On 5/25/23 10:11, Michal Koutný wrote:
On Thu, May 25, 2023 at 12:35:18PM +0800, Ming Lei ming.lei@redhat.com wrote:
It is less a problem if the cgroup to be destroyed also has other controllers like memory that will call cgroup_rstat_flush() which will clean up the reference count. If block is the only controller that uses rstat, these offline blkcg and blkgs may never be freed leaking more and more memory over time.
On v2, io implies memory too. Do you observe the leak on the v2 system too?
(Beware that (not only) dirty pages would pin offlined memcg, so the actual mem_cgroup_css_release and cgroup_rstat_flush would be further delayed.)
The memory leak isn't observed on cgroup v2 as the cgroup_rstat_flush() call by the memory controller will help to flush the extra references holding back blkcgs. It is only happening with a cgroup v1 configuration where blkcg is standalone in a cgroup.

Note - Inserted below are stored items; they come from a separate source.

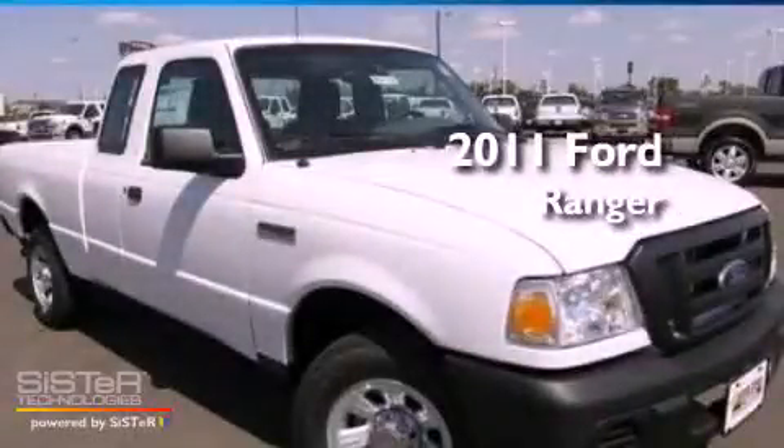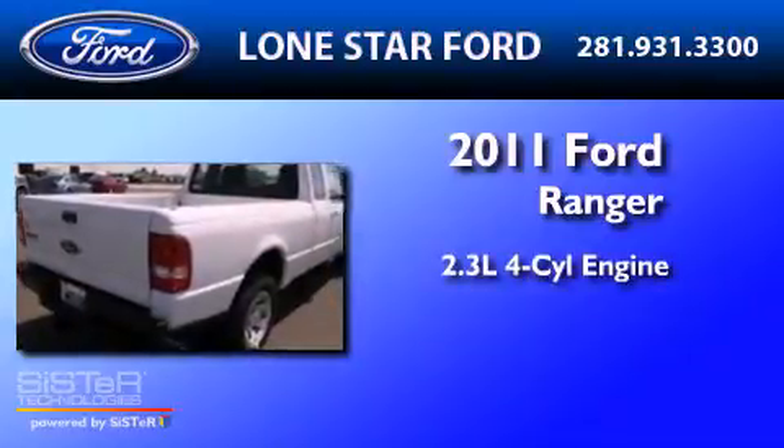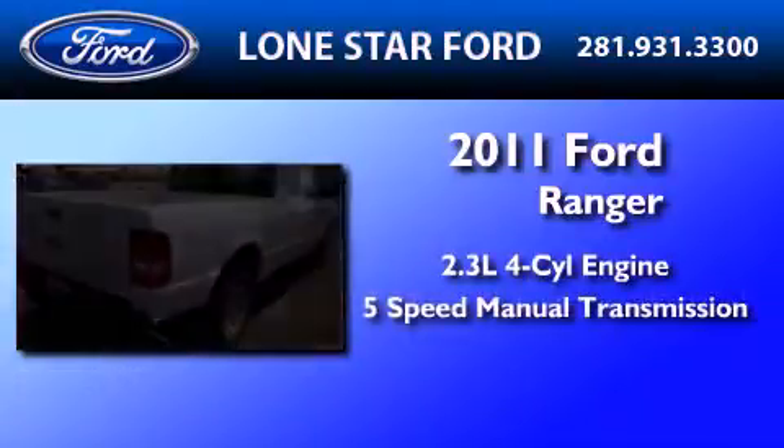This is a brand-new 2011 Ford Ranger. It has a 2.3-liter four-cylinder engine and a five-speed manual transmission.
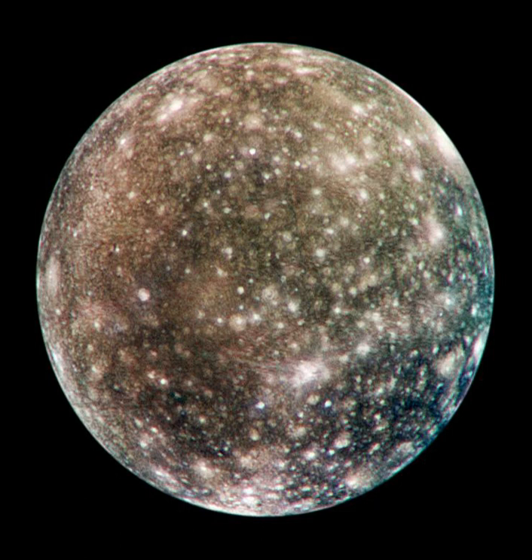Various space probes from Pioneers 10 and 11 to Galileo and Cassini have studied Callisto. Because of its low radiation levels, Callisto has long been considered the most suitable place for a human base for future exploration of the Jovian system.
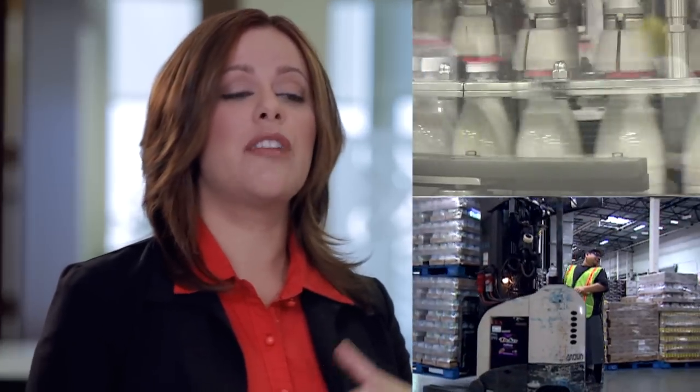My first project was with Carnation milk. I got to implement some of my industrial engineering expertise to improve the processes and reduce waste.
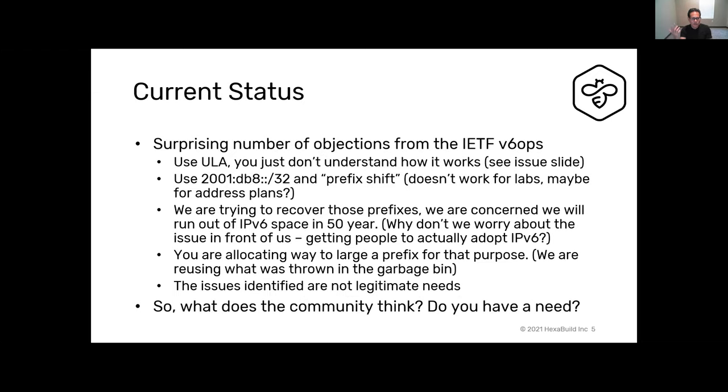I was surprised by the number of objections from the IETF v6ops mailing list. A few were: just use the ULA space; you just don't understand it. Or use 2001:db8::/32 and prefix-shift — claim you're doing a /32, actually allocate /64s instead, shift everything over, represent your sites as /64s instead of /48s. That doesn't really work for a lab that needs to actually lab everything they're deploying in real environments.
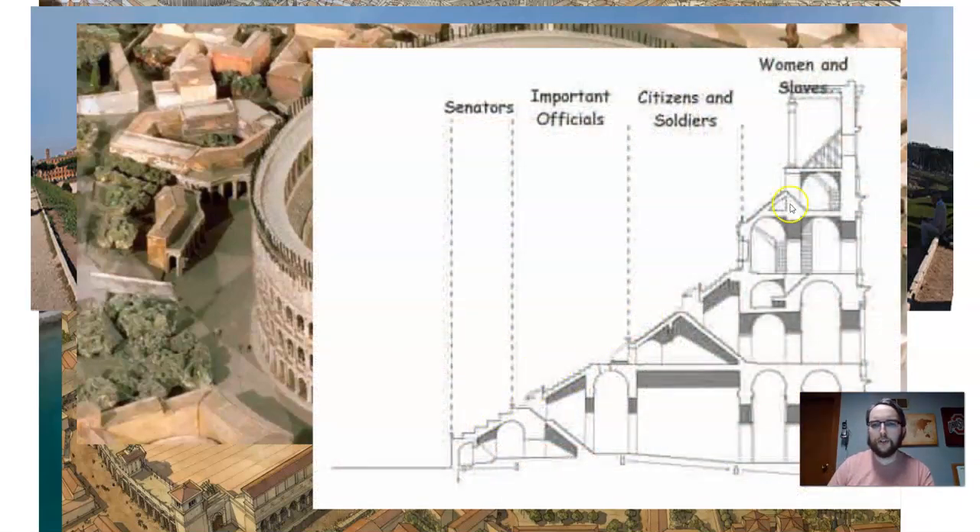Even in the Colosseum, the difference between wealthy and poor was visible. The best seats went to the wealthy, senators, and important officials. Then came citizens and soldiers. At the very top — what we call today the nosebleed section — sat the women and the slaves. The Circus Maximus was not as divided; women and men actually sat together there.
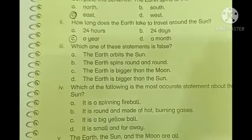Third one: which of these statements is false? The Earth orbits the Sun. The Earth spins round and round. The Earth is bigger than the Moon. The Earth is bigger than the Sun. Part d) is false — the Earth is bigger than the Sun. We all know that the Sun is bigger than the Earth, so we will mark d).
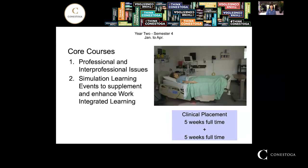Finally, in semester four, you spend more time in clinical placement outside of the college than at the college. You will be offered a five-week full-time placement followed by another five-week full-time placement in a different facility. You do return to the college for simulation learning events to supplement your learning, and there is one final course offered remotely: professional and interprofessional issues.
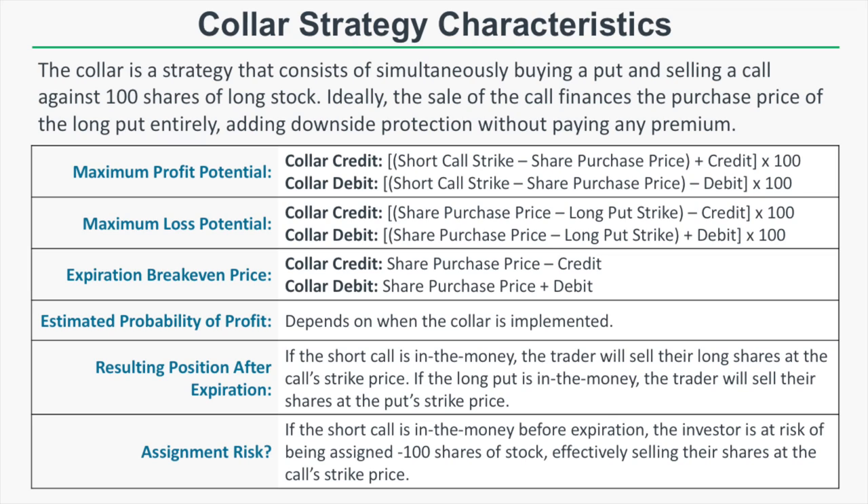The estimated probability of profit is tricky. If you enter the collar after already holding an extremely profitable long stock position, it's actually possible to have a probability of profit of 100%, because you can have your long put strike above your share purchase price, which guarantees a profit at expiration. The resulting position after expiration depends on whether the short call or the long put is in the money.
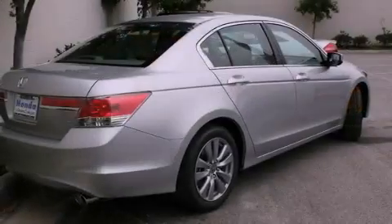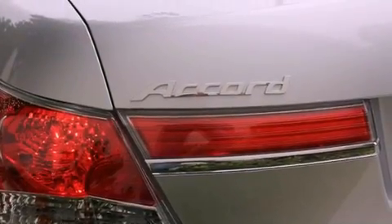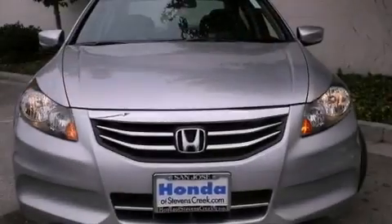Its top features include a power moonroof, a power driver's seat, a rear window defroster, a CD player, a passenger side vanity mirror, a security system, a traction control system, an anti-lock braking system, a keyless entry system, and cruise control.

To prevent this potential memory leak:
- flush blkcg per-cpu stats list in __blkg_release(), when no new stat
can be added
- add global blkg_stat_lock for covering concurrent parent blkg stat
update
It's bit unfortunate yet another lock is added :-/
IIUC, even Waiman's patch (flush in blkcg_destroy_blkcfs) would need synchronization for different CPU replicas flushes in blkcg_iostat_update, right?
Right, the goal is to prevent concurrent call of blkcg_iostat_update() to the same blkg.
Cheers, Longman